Dr Kieran James is an Associate Professor in Accounting at University of Southern Queensland (Toowoomba, Australia). He has 18 years of teaching experience in Australia and Singapore and has published over 35 scholarly articles in leading journals including Accounting Forum, Asian Review of Accounting, Critical Perspectives on Accounting, International Journal of Critical Accounting, International Journal of Social Economics, and Musicology Australia. His current research projects relate to: Singapore opposition politics and oppositional youth activism, and the sociology of the Indonesian death-metal music scene.
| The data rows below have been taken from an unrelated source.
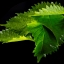 ใบโอบะ / Oba Leaf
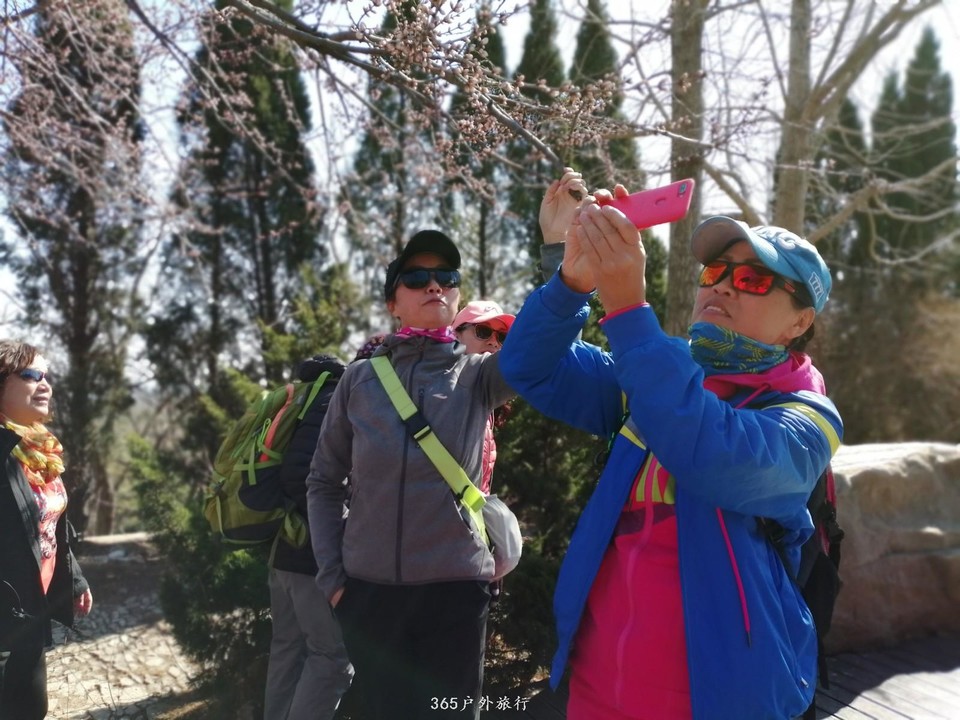 mmexport1553345141922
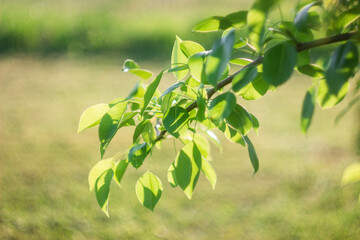 Green leaves on a branch close-up. Summer background. Pear leaves in spring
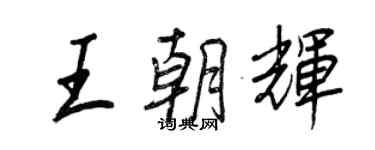 王正良王朝輝行書個性簽名怎么寫
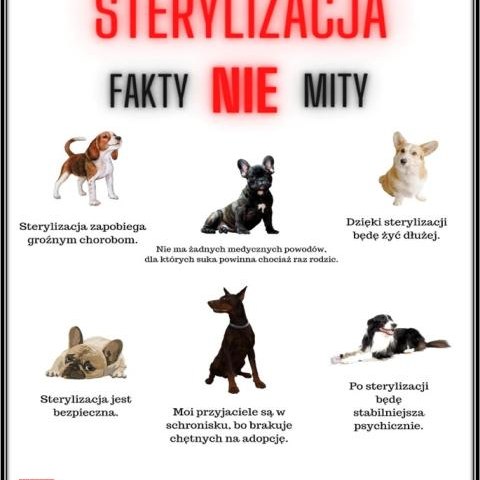 Dofinansowanie zabiegu sterylizacji psów
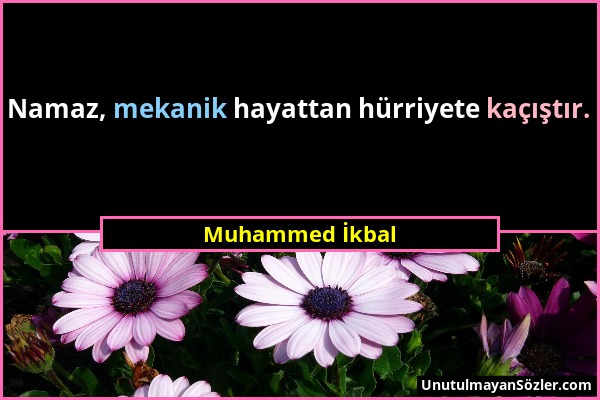 Muhammed İkbal - Namaz, mekanik hayattan hürriyete kaçıştır....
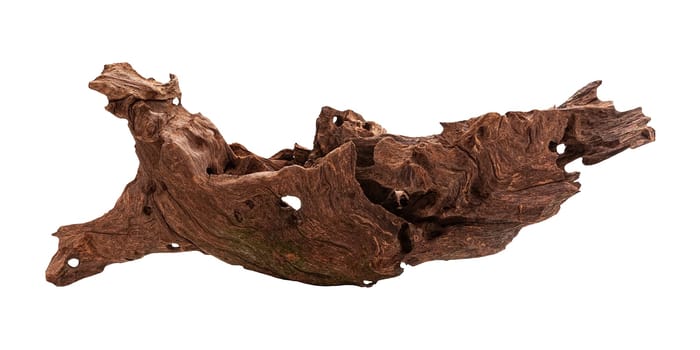 Irregular mangrove brown piece of wood, aquarium decoration isolated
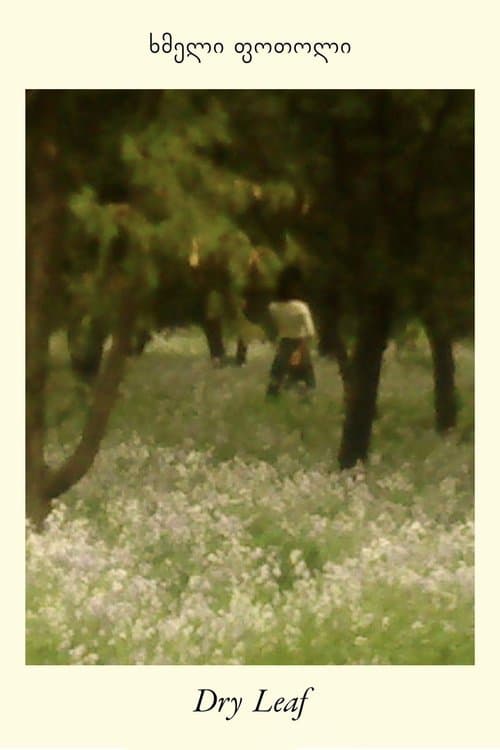 Dry Leaf (2026) movie poster - 100% on Rotten Tweets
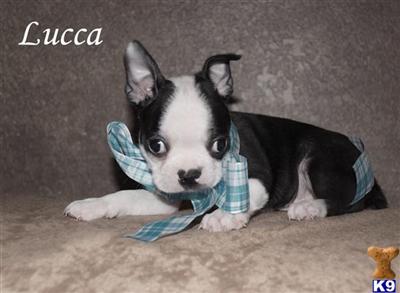 Boston Terrier Puppies in TX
He is co-author of the book Sydney’s Construction Union Strategy and Immigrant Worker Issues: a Roman Catholic-Marxist Perspective (Spire, 2010) and the sole author of the book A Radical Approach to Accounting Education (VDM-Verlag, 2009).
Mr Bligh Grant is a Research Lecturer in Local Government Studies at the University of New England (Armidale, Australia). His primary research interests are: local government studies; critical management studies; applied ethics; political economy; and rural restructuring, in particular in the Australian wine industry.